Davis had 22 points and eight rebounds but played only 20 minutes, none of them in the fourth quarter.
The Lakers don’t have many gimmes on their schedule. This game was one of them.
“We needed to win,” coach Luke Walton said.
Reaching the postseason will require them to win, what, 15 of their last 21 games? Only seven of their remaining opponents have sub-.500 records, including the Pelicans, whom they visit on March 31.
They can’t afford to drop these games.
That’s what made the recent consecutive defeats on the road to the Pelicans and even-worse Memphis Grizzlies so painful. Those were supposed to be the rare soft parts of their schedule.
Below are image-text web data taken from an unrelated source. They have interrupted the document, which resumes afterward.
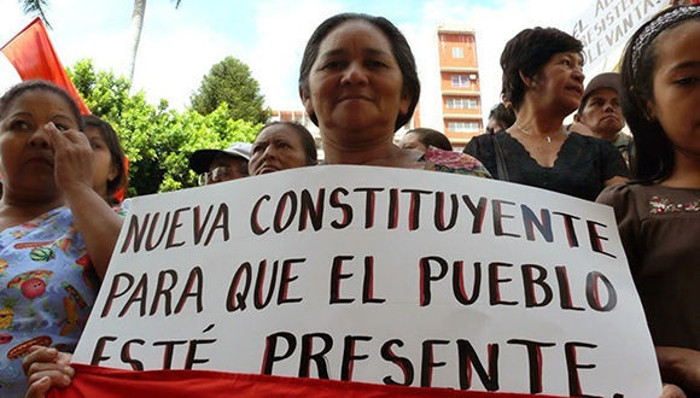 Foto: Tomada de cubadebate.cu Lo bueno está por llegar con la Constituyente
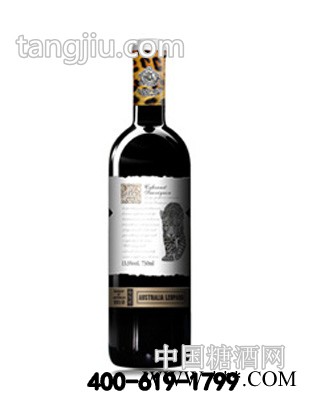 澳洲豹—发金石干红葡萄酒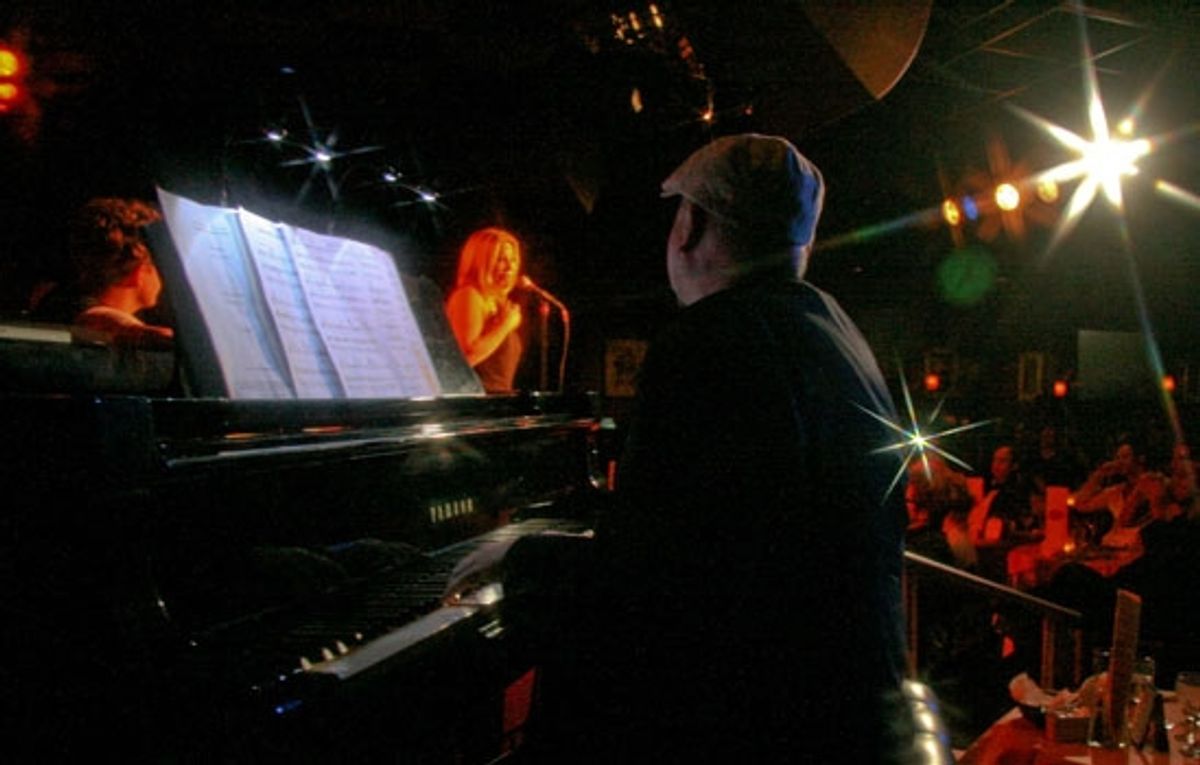 Jake Simpson, Taylor Dayne & Walter Afanasieff perform at Upright Cabaret's 'It Gets Better' concert at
Every defeat to a New Orleans or a Memphis translated to an upcoming game against a Milwaukee or a Denver that would have to be won.
Regardless of whom they play, the Lakers haven’t enjoyed the kind of the run they have to make if they intend to play beyond their regular-season finale on April 9.
They were 11-3 over a particular stretch that lasted nearly a month from early November to early December.
Their longest winning streak was four games. They had two such streaks, both of which were part of the 14-game stretch mentioned above.
They haven’t won more than two consecutive games since then.
This is unusual for teams with James. Whether it was with the Cleveland Cavaliers or Miami Heat, every playoff team James played on had at least one five-game winning streak.
Losses to bad teams partially explain the break in the pattern.
The Lakers entered Wednesday losers in four of their last five games and six of their last eight.
In the games James has played since returning from his groin injury, the Lakers were 3-5 before the latest visit from the Pelicans.
The simplest explanation is the Lakers are themselves a bad team, or at very least an extremely inconsistent one.
The Lakers notched their 15th win in their 24th game of the season. They’re now in a position where they have to win 15 times in 21 games and do so with their defense compromised by the prolonged absence of Lonzo Ball.
James maintained he was optimistic.
“We’re not worried about what the time strain is or what everyone else is saying,” James said. “I think it’s what happens in here and I feel good about where we are.”
At very least, the Lakers are starting to form a sense of identity on offense, with Ingram and Kuzma scoring with greater consistency. Ingram scored 23 points on Wednesday; Kuzma had 22.
And they still have James, who sealed the victory with a step-back three pointer from the corner with 31.3 seconds remaining to extend the Lakers’ advantage to 123-117.